(YOUR GOAL)
I would like the line with "Aerial image accompanying" and every line after it, down to the end of the entries below, output exactly and without pictures.

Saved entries
*****
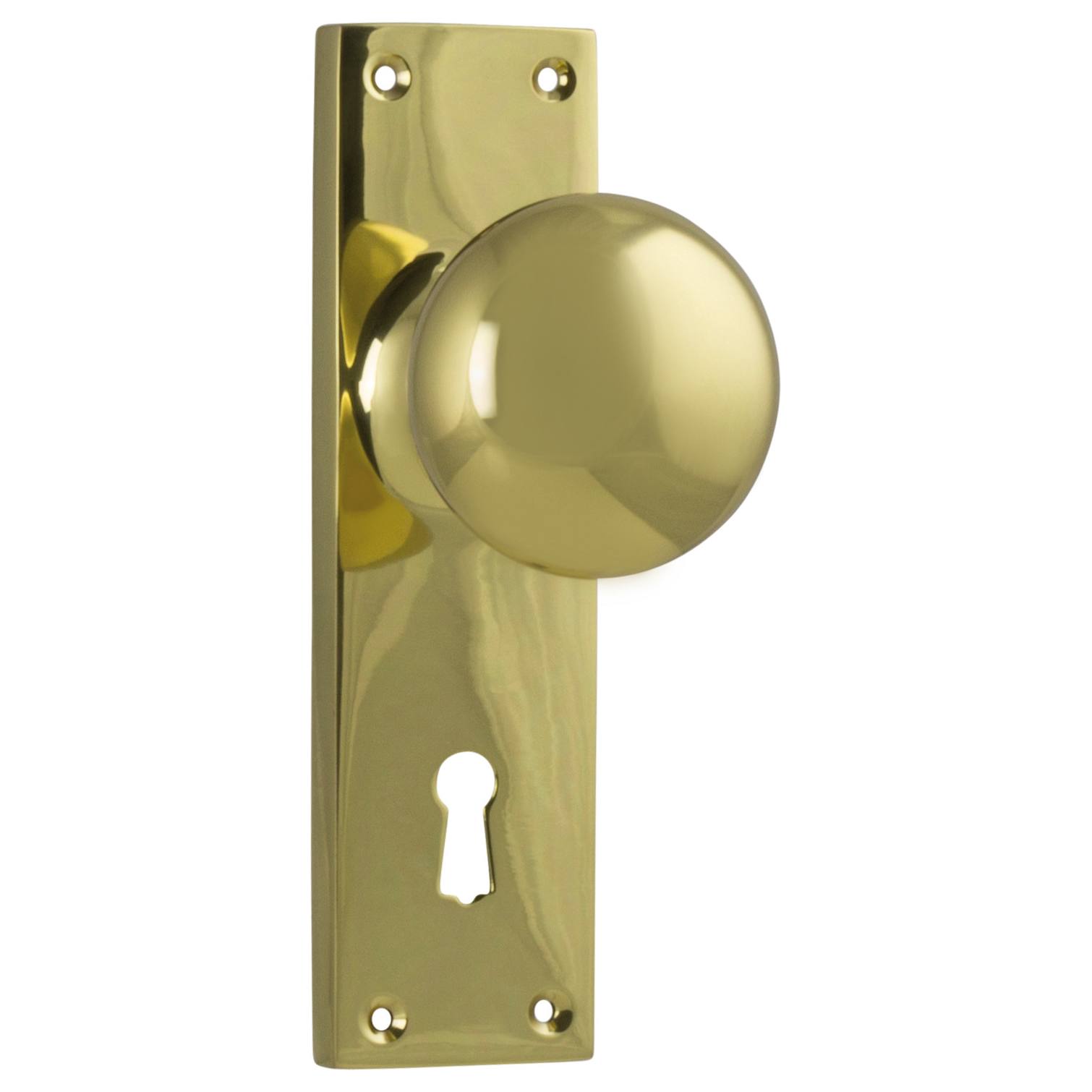 Victorian Knob Lock Set, Polished Brass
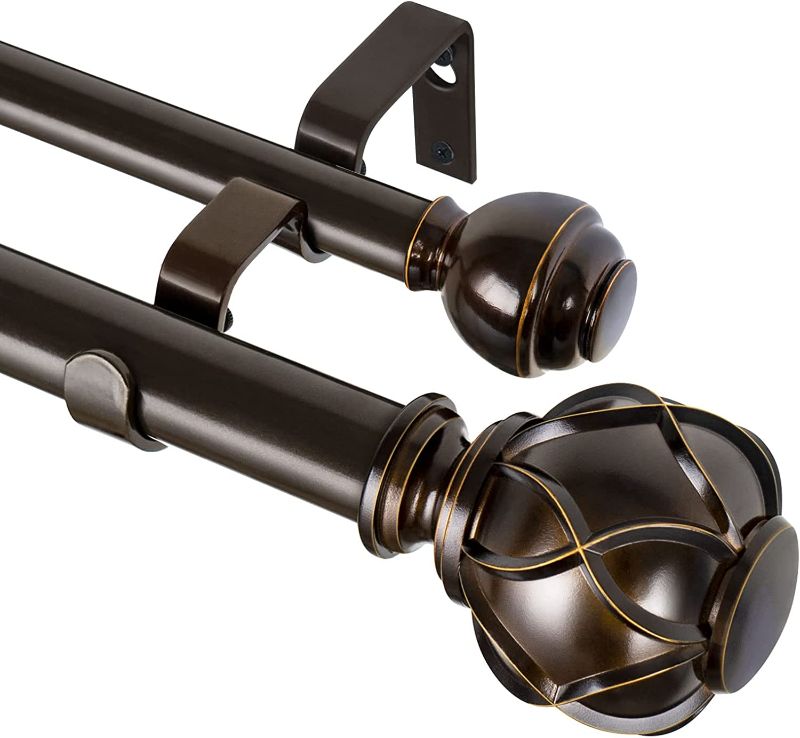 Photo 1 of 
KAMANINA 1 Inch Double Curtain Rods 72 to 144 Inches (6-12 Feet) Telescoping Drapery Rod for Windows 69 to 140 Inches, Netted Texture Finials, Antique Bronze
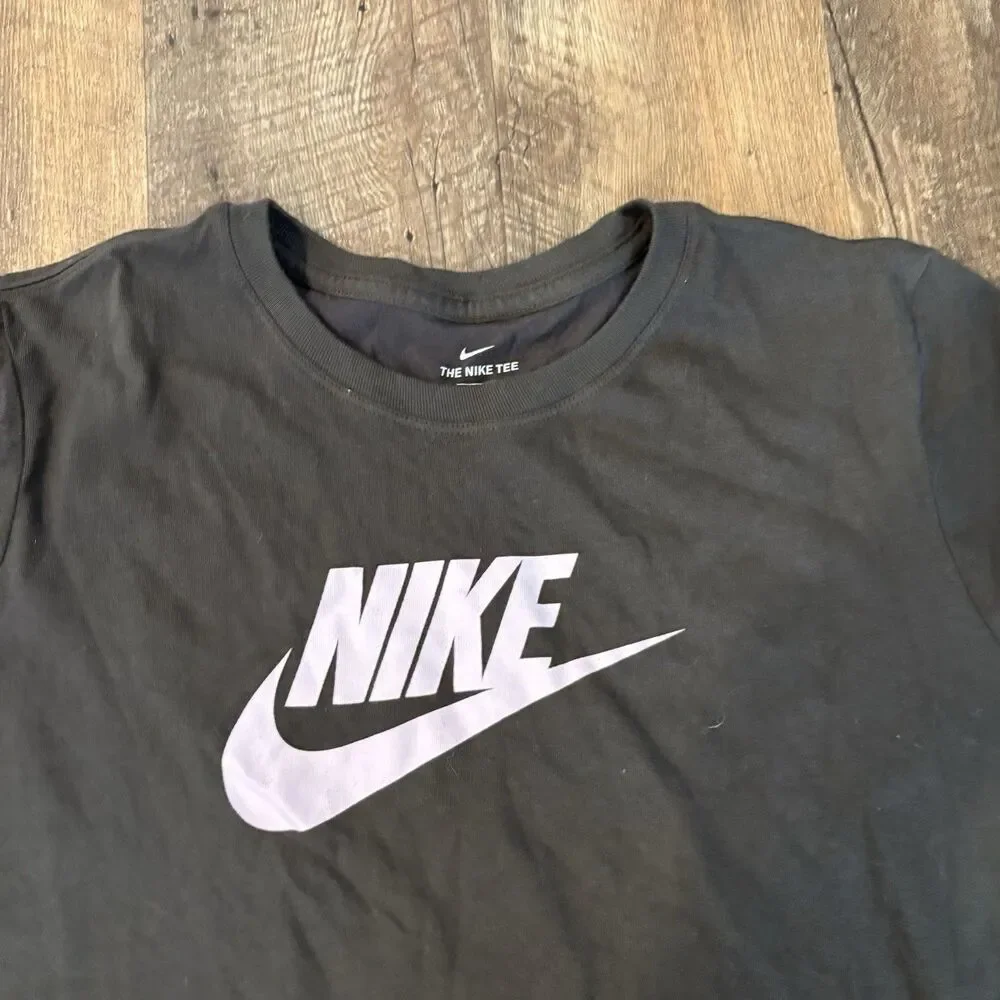 Womens Nike The Nike Tee Dri-FIT Brown Futura Swoosh Logo T-Shirt Size XXL NWT
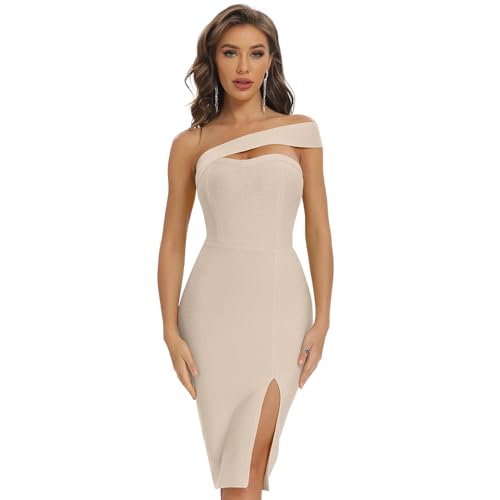 Image of Women's One Shoulder Bandage Dress for Women Wedding Guest Cocktail Party Midi Dress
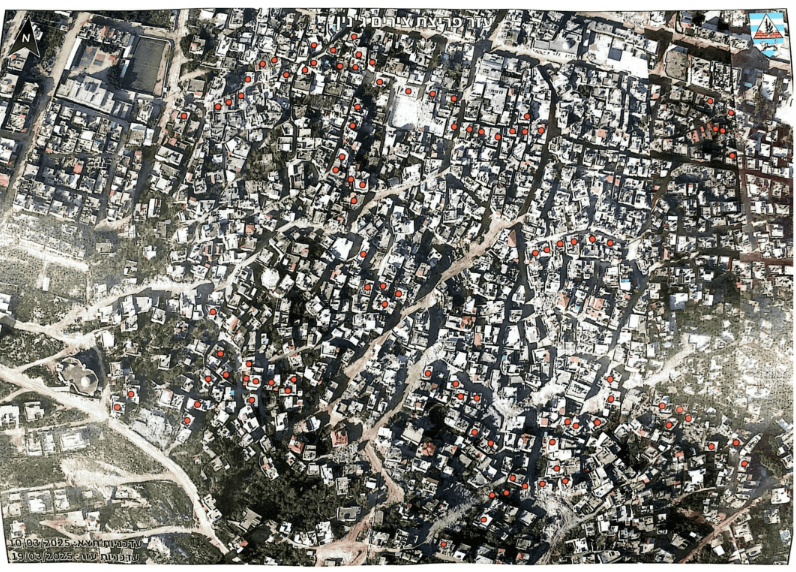 Aerial image accompanying the March 19, 2025 demolition order marking in red 95 buildings slated for demolition by the Israeli military in the Jenin refugee camp in the northern West Bank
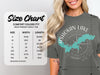 Comfort Colors 1717 adult tee size chart with width and length measurements.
*****
(ANSWER BOX)
 Aerial image accompanying the March 19, 2025 demolition order marking in red 95 buildings slated for demolition by the Israeli military in the Jenin refugee camp in the northern West Bank
 Comfort Colors 1717 adult tee size chart with width and length measurements.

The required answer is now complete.